Intel processors usually have two types of CPU frequencies specified: the base frequency and the turbo frequency. The base frequency is also known as the “Maximum Non-Turbo Ratio” whereas the turbo frequency is usually referred to as the Turbo Ratio Limit.

The Turbo Ratio Limit is called a limit because it restricts the operating frequency rather than targets a frequency. Processors like the 14th gen Raptor Lake Refresh have an upper core frequency ratio of 120X. Without the ratio limit, the CPU would boost its frequency all the way to the maximum frequency. However, the Turbo Ratio Limit specifies an upper ceiling to the boost frequency.

The tool is pretty flexible and can be programmed for various scenarios. The ratio limits are defined in the processor’s Machine Specific Registers (MSRs). Specifically, MSR 1ADh is used for the Turbo Ratio Limit configuration.

turbo ratio limit specification

The 1ADh MSR has 8 registers where two parameters can be defined.

  1. The Turbo Ratio Limit
  2. The number of active cores

For mainstream platforms where the top SKU has no more than 8 P-cores, like the Core i9-11980HK, these registers are configured from 1-active P-core to 8-active P-cores. However, on platforms with core counts beyond eight cores, we can configure each register by target Turbo Boost Ratio and the number of active cores.

Note that configuring the Turbo Ratios on an active-core count basis is not the same as configuring each core individually. When using Turbo Ratios, we determine an overclock according to CPU usage. For example, if a workload uses four cores, the CPU determines which cores should execute this workload and applies our set frequency to those cores.
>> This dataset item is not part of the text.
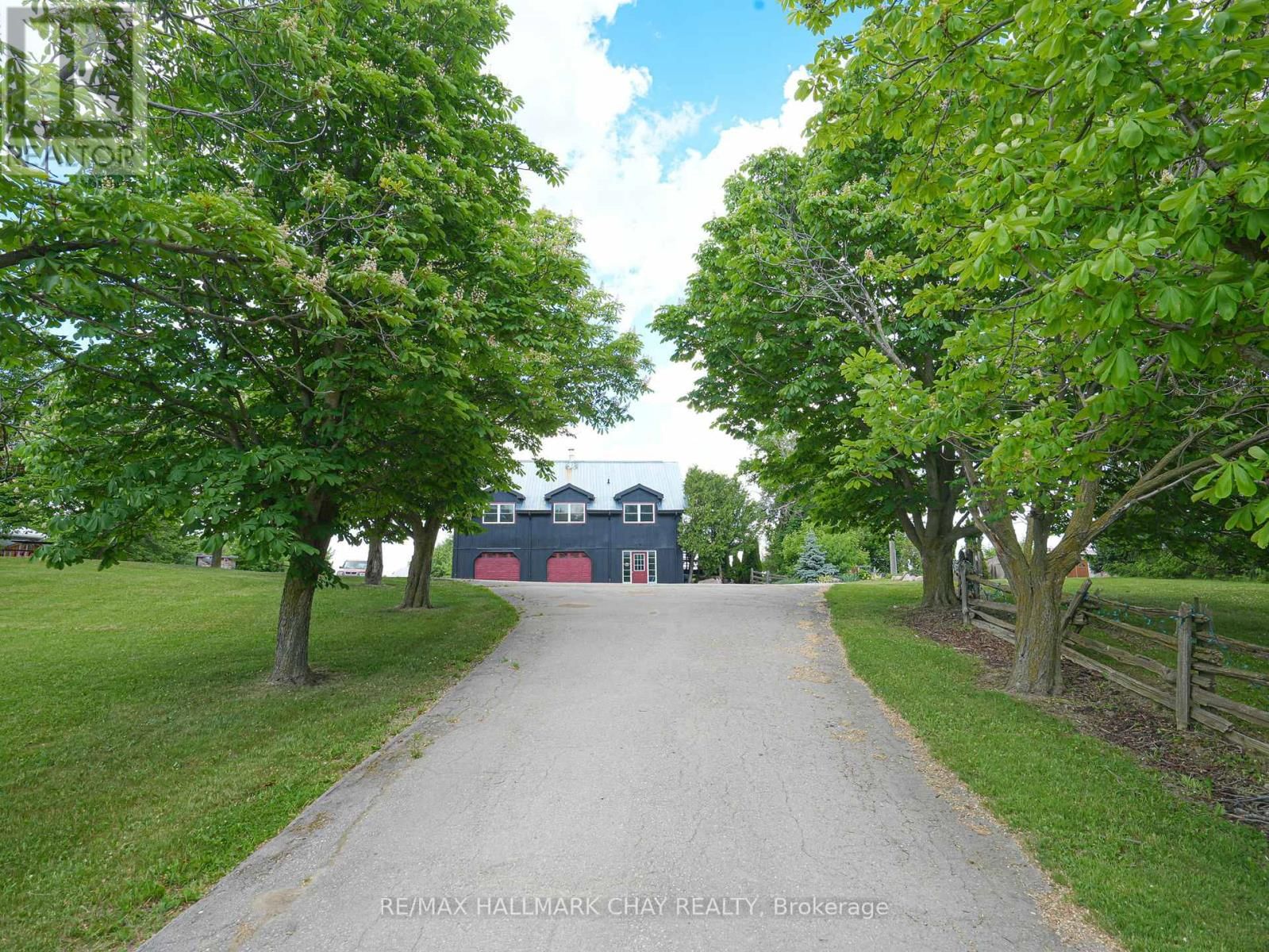 528375 5TH SIDEROAD Image 4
The Turbo Ratio Limit configuration also has a couple of rules that must be followed:

  1. Each register must define by a target ratio and a number of active cores
  2. The minimum allowed ratio limit is the maximum non-turbo ratio plus 1
  3. The maximum allowed ratio limit is the maximum defined highest ratio (which can differ between architectures)
  4. The ratio limit a register must be equal to or lower than the ratio defined for the previous register
    • E.g. we cannot define 60X for up to 1 active core and 62X for up to 4 active cores.
  5. The core count of a register must be equal to or lower than the ratio defined for the previous register
    • E.g. we cannot definer register 1 to define the ratio for up to 5 active cores and register 2 to define the ratio for up to 2 active cores
  6. The last register must always define the ratio limit for the highest available active cores of the processor SKU.